Cet été 2017, l'Empire des Sens ressortait au cinéma, dans une version restaurée. Cinéphile de salon et amatrice de dépaysements, je me rendis donc au Champollion, rue du même nom, avec des amis, tout aussi intrigués que moi par ce film à la réputation plus que sulfureuse. Il faut dire que l'affiche, sublime, et le titre, poétique en diable, donnaient envie de passer outre les gros plans sur des pénis érectiles pour partir en quête de la perle cinématographique que d'aucuns nous promettaient.
Mérite-t-il sa réputation ? Je ne vous ferai pas languir : mille fois oui. Est-ce un chef-d'oeuvre ? Je ne sais point. Mais commençons par le commencement.
Le film s'ouvre par quelques minutes qui servent d'introduction au personnage de Sada, la jeune geisha, et posent tout de suite l'essentiel du film : non seulement l'esthétique magnifique et le jeu de couleurs sombres où le rouge se détache avec une acuité inégalée, mais aussi le sexe cru et sans pudibonderie (on commence quand même par le vieux pénis décrépit d'un mendiant exorbité de désir, ça met l'ambiance) ; et, surtout, déjà, l'absence de tout tabou chez Sada, qu'on devine déjà curieuse de sexe, curieuse de tout, de tout expérimenter, sans s'arrêter là où n'importe qui serait hésitant-e. On y voit aussi déjà celui qui deviendra son amant, son partenaire et son double, apparaissant dans la première scène comme un homme superbe et de qui émane une aura de sexe, de désir et de jouissance. Il est beau, il la fascine ; elle est belle, sans limites et en quête d'absolu. Leur rencontre scelle leur destin dès leur première scène ensemble.

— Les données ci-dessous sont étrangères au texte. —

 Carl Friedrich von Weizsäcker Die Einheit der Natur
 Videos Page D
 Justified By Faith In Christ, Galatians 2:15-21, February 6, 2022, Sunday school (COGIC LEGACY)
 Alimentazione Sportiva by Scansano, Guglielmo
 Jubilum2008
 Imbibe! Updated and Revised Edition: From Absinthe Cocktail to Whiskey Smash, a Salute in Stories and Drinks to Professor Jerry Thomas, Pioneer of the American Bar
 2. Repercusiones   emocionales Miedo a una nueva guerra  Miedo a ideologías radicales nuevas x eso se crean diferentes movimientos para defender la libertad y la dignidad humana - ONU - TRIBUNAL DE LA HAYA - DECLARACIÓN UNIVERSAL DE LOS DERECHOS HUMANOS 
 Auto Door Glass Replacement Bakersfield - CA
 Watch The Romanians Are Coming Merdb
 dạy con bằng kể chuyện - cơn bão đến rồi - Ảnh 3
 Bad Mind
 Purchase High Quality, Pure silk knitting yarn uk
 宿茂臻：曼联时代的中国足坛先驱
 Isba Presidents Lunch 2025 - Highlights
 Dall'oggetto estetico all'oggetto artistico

Les quelques scènes inaugurales annoncent la couleur, et on commence fort bien : un film qui va à l'essentiel, sans scènes inutiles, où chaque plan, chaque élément fait sens dans le discours global.
Puis, on suit l'évolution de leur histoire, où tous deux sont unis par leur désir fou l'un de l'autre, désir fou qui chez lui le pousse à violer une servante lors de l'absence de Sada et, chez elle, la pousse à en vouloir toujours plus, toujours plus de lui, inlassablement, sans dormir, sans manger, en quête du plaisir ultime. Un par un, chaque tabou sera franchi - les règles, la nourriture, les enfants, la violence consentie, le sexe en public - et leur histoire poursuit leur folle course jusqu'à la conclusion, inéluctable et superbe. Éros et Thanatos enfin réunis dans un propos simple mais limpide sur la pulsion de sexe comme pulsion d'absolu et de mort, sur l'amour comme passion autant essentielle que destructrice. L'abnégation finale de l'homme est très bien traduite dans cette scène révélatrice où, alors que tous les hommes du Japon marchent en uniforme, en route vers une quelconque mobilisation militaire, lui longe les murs, dans le sens inverse, vers son propre devoir et son propre destin.
Après coup, ce récit et cette critique peuvent laisser croire que j'ai été entièrement saisie par ce film. Ce n'est pas le cas. Il m'a profondément dérangée, et j'ai souvent, avec le reste de la salle, laissé échapper un rire, nerveux ou sincère, devant l'absurdité - parfois voulue au demeurant - de certaines scènes, une incrédulité non feinte devant les voies où allaient les personnages et devant certaines scènes qui m'ont plongé dans un profond malaise. Ce n'est pas pour rien que certains tabous existent ; au demeurant c'est la démarche du réalisateur que de déranger et de tout franchir, en quête d'absolu, et le malaise est certainement voulu. Il n'empêche que nous avons plus d'une fois grincé des dents, échouant à comprendre où l'on voulait en venir, et que nous sommes sortis de là bien perplexes.
Néanmoins, le souvenir qu'il m'en reste à l'heure actuelle est celui d'un grand film, grand dans son audace, grand dans la qualité de son discours sur l'amour, grand dans son esthétique et son jeu d'acteur. C'est un film qui dérange, non par provocation vaine, mais parce qu'il est fidèle à lui-même. En sortant de là, je n'ai pu m'empêcher de songer aux prétentions de Gaspard Noé quand son film Love était sorti, et la comparaison n'était clairement pas à son avantage : Noé, ses scènes de sexe qu'il voulait une grande première au cinéma et ses acteurs n'arrivent pas à la cheville de L'empire des Sens, précisément parce que Noé, c'était une posture plus qu'un discours. Ici, les scènes de sexe sont là pour être, non pour provoquer, et provoquent parce qu'elles sont. Ici, surtout, les personnages intriguent, touchent, révulsent et fascinent, et sont à la fois très autres, et très humains.
En rentrant chez moi, m'est venu en tête ce poème de José-Maria de Heredia, "Le Cydnus" ; ce poème, du recueil Les Trophées, émane du petit groupe de ceux qui traitent de l'amour fou, sensuel et passionnel entre Antoine et Cléopâtre, et tout dans ce poème m'a rappelé L'empire des Sens : l'écriture travaillée, esthétisée, la lourdeur et la sensualité de l'ensemble, le poids de l'amour et surtout le poids de la fatalité qui pèse et de l'amour qui rôde.
Et ses yeux n'ont pas vu, présage de son sort,
Auprès d'elle, effeuillant sur l'eau sombre des roses
Les deux enfants divins, le Désir et la Mort".